After the opening concert on April 5—a varied program of chamber music by a dozen luminaries—one of the performers, the violist Heiichiro Ohyama (the founding artistic director of SummerFest), noted that the hall’s sound is rich and lively, but not overly reverberant. This was apparent from the first selection, a brilliant rendition by Hillary Hahn of the vibrant Prelude from Bach’s E-major Partita for solo violin.

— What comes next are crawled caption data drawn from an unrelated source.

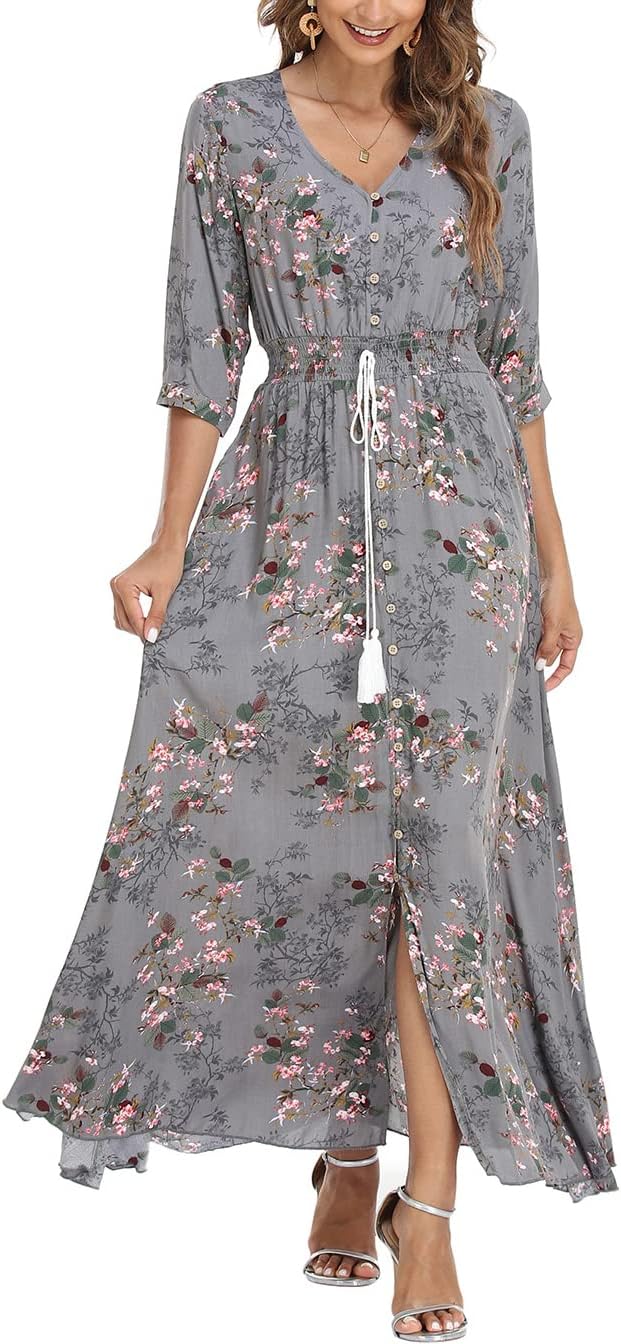 Damen Lange Split Knopf Up Sommer Maxikleid Floral Strandwear Holidy Kleid Hohe Taille mit kurzen Är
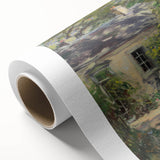 Vibrant rolled canvas showcasing an abstract landscape design in bold colors, elegantly packaged in a protective cardboard tube for easy transport and storage.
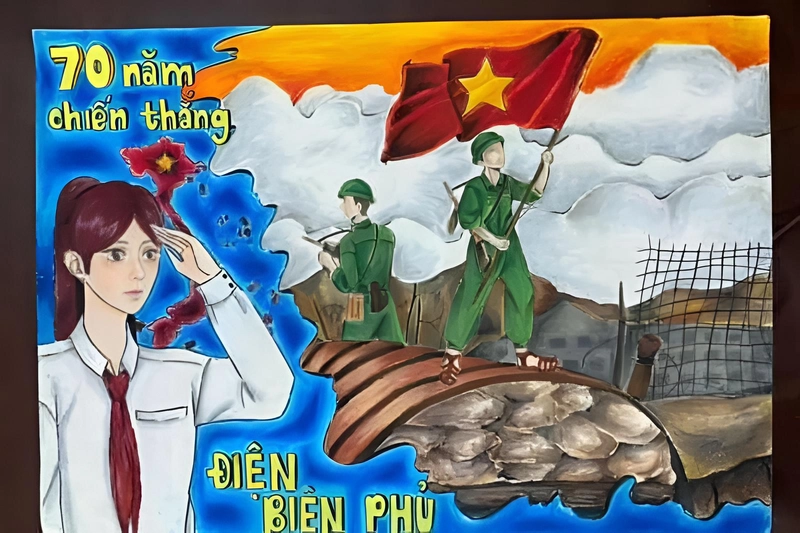 tranh vẽ điện biên phủ đề tài lịch sử nước ta 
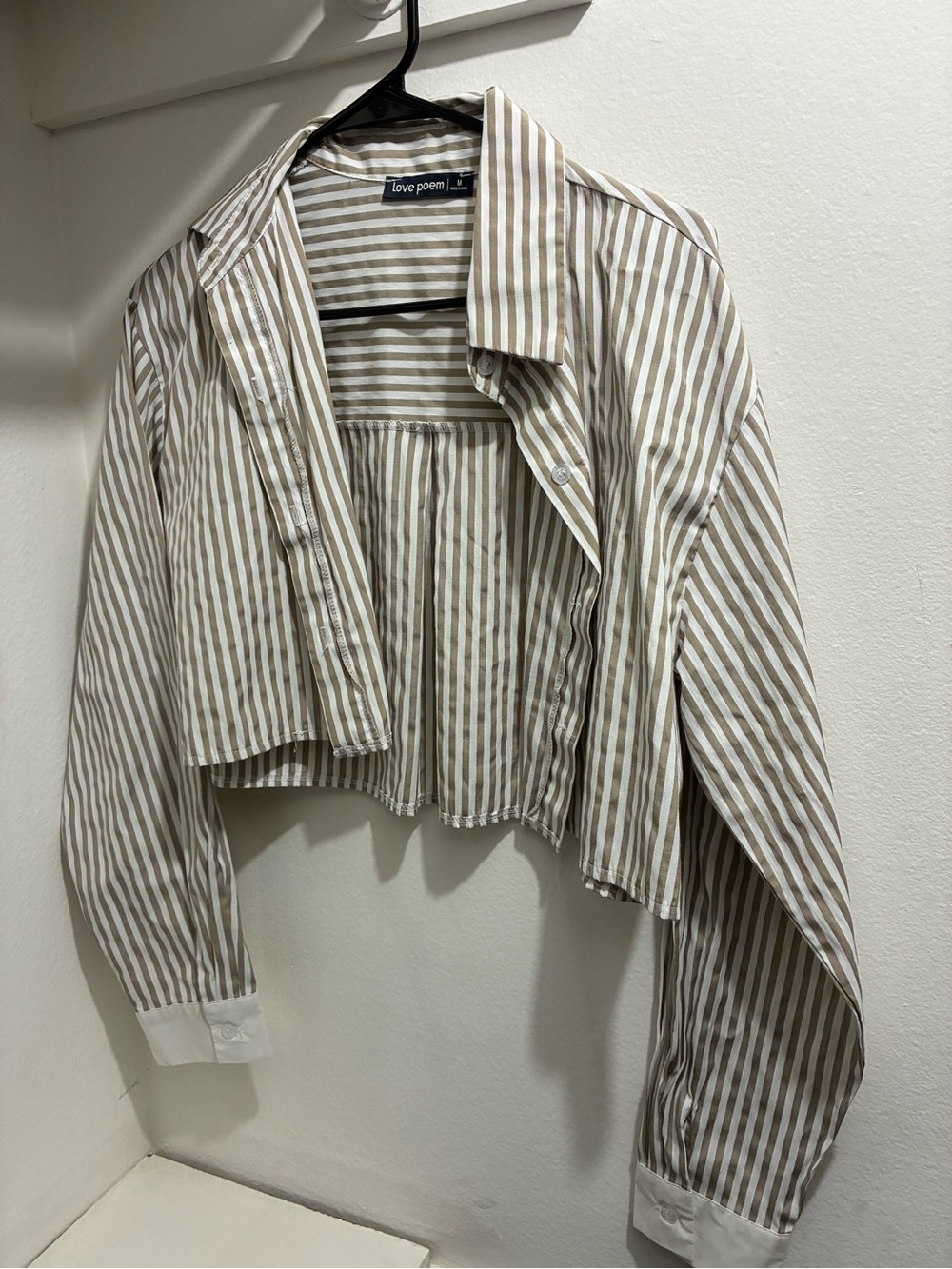 Cropped Beige Striped Button-Down Shirt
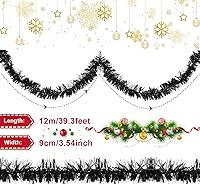 Vista 2 de Guirnalda de oropel de Navidad de 39.4 pies, guirnalda metálica giratoria, adornos colgantes brillantes para árbol de Navidad, suministros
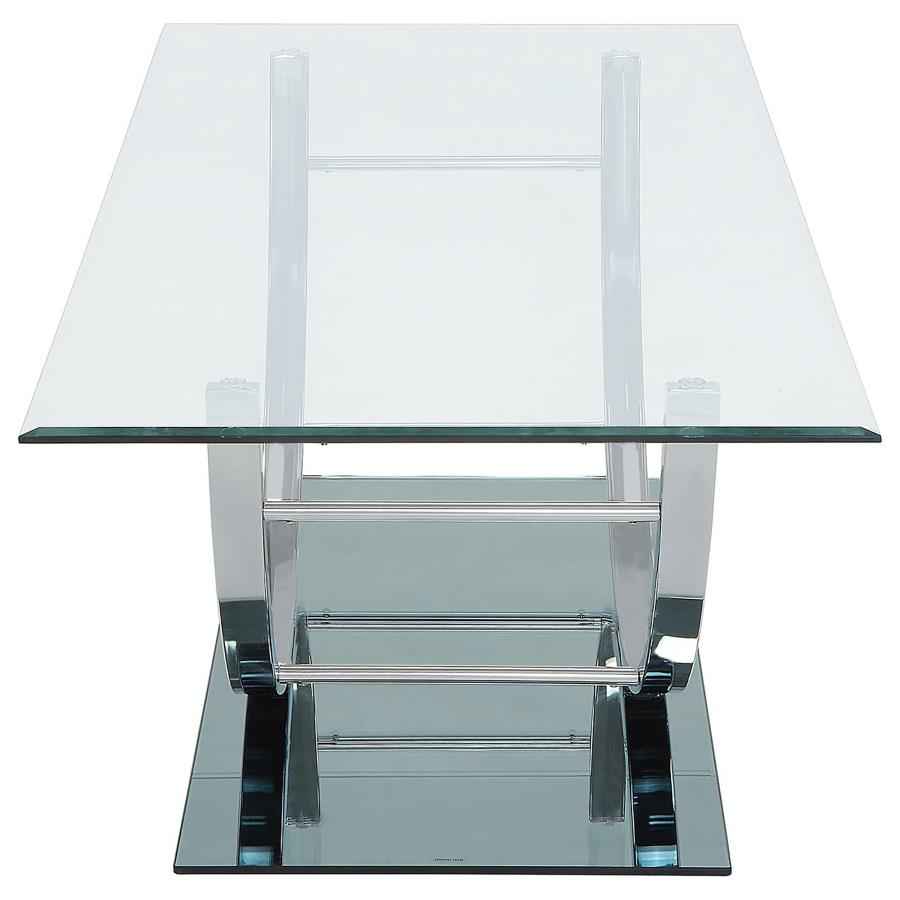Danville Rectangular U-Shaped Glass Top Coffee Table Chrome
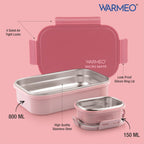 WARMEO MICROMATE Lunch Box (800ml+150 ml),Pink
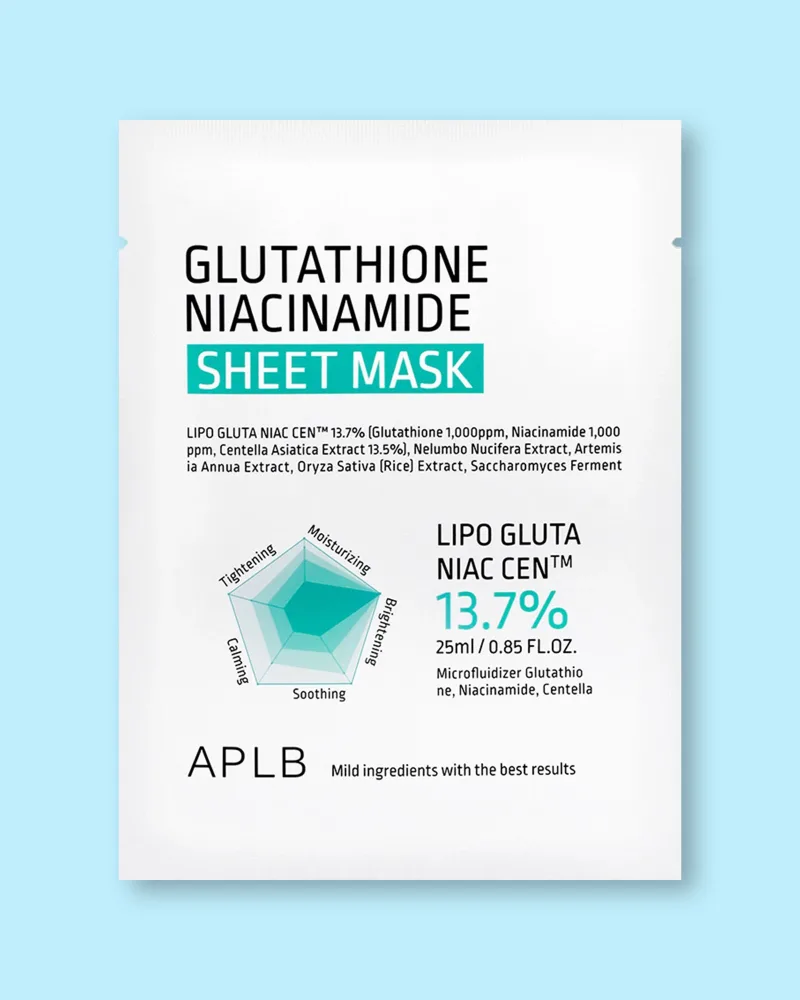 Тканевая маска для лица APLB Glutathione Niacinamide Sheet Mask с глутатионом и ниацинамидом, 25 мл x 10 шт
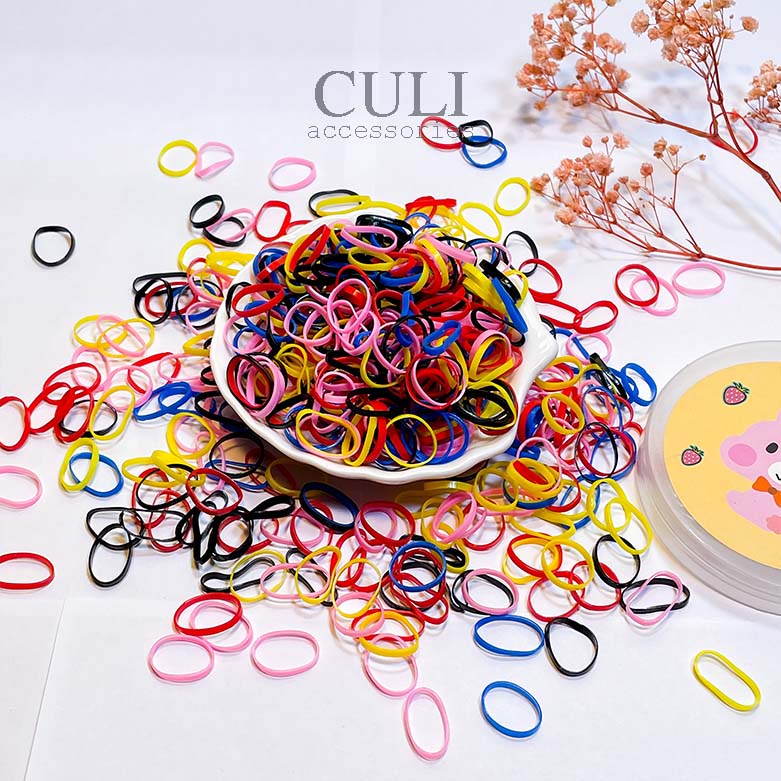 Thun cột tóc, Hộp 500 thun cột tóc cho Mẹ và bé mix nhiều màu xinh xắn - Culi accessories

It might seem odd to start a chamber music gala with a solo violinist, but Hahn’s performance spoke compellingly about what one wanted to know about the hall’s sound, as her plush tone filled the space while each note emerged with clarity.
Two movements from familiar chamber works—the Rondo alla Zingarese from Brahms’s Piano Quartet in G minor, Op. 25, played by Cho-Liang Lin, Ohyama, David Finckel, and Wu Han, and the first movement from Mendelssohn’s Octet for Strings in E-flat major, Op. 20, played by the Miró Quartet with Hahn, Lin, Ohyama, and Finckel—testified to the hall’s capability to achieve a warm blend in traditional works.
Hahn’s performance spoke compellingly about what one wanted to know about the hall’s sound, as her plush tone filled the space while each note emerged with clarity.
Less traditional was the delicate, though clearly audible sound of the ukulele as played by Jake Shimabukuro in three works. Lalo Schifrin’s Letters to My Father, a flashy piece anchored in tonality for solo violin, was energetically played Lin and accompanied by projections by Osman Koç that hinted at the hall’s technical capabilities. (Equipped with an orchestra pit, it is a fitting venue for chamber operas.)
Polished performances of Chopin’s well-known Nocturne in E-flat major, Op. 9, No. 2, and Liszt’s Consolation No. 3, S. 172 by the eminent Jean-Yves Thibaudet made the prospect of piano recitals in the hall a highly promising one. Also striking was the appearance of the male dancer Lil Buck in ingeniously choreographed versions of Saint-Saëns’s “The Swan” from Carnival of the Animals and the “Danse Russe” from Stravinsky’s Petrushka that mixed traditional steps with extreme movements resembling those of a contortionist; Inon Barnatan, the new artistic director of SummerFest, accompanied impressively at the piano.
With its new hall,the La Jolla Music Society is poised for growth. It can be expected to take a more active role as a producer of events in addition to its function as a presenter, with cross-disciplinary programs entering the mix. If they draw interest beyond the hall’s seating capacity, DeDee said, “we’ll just schedule multiple performances, the way opera companies and orchestras do.”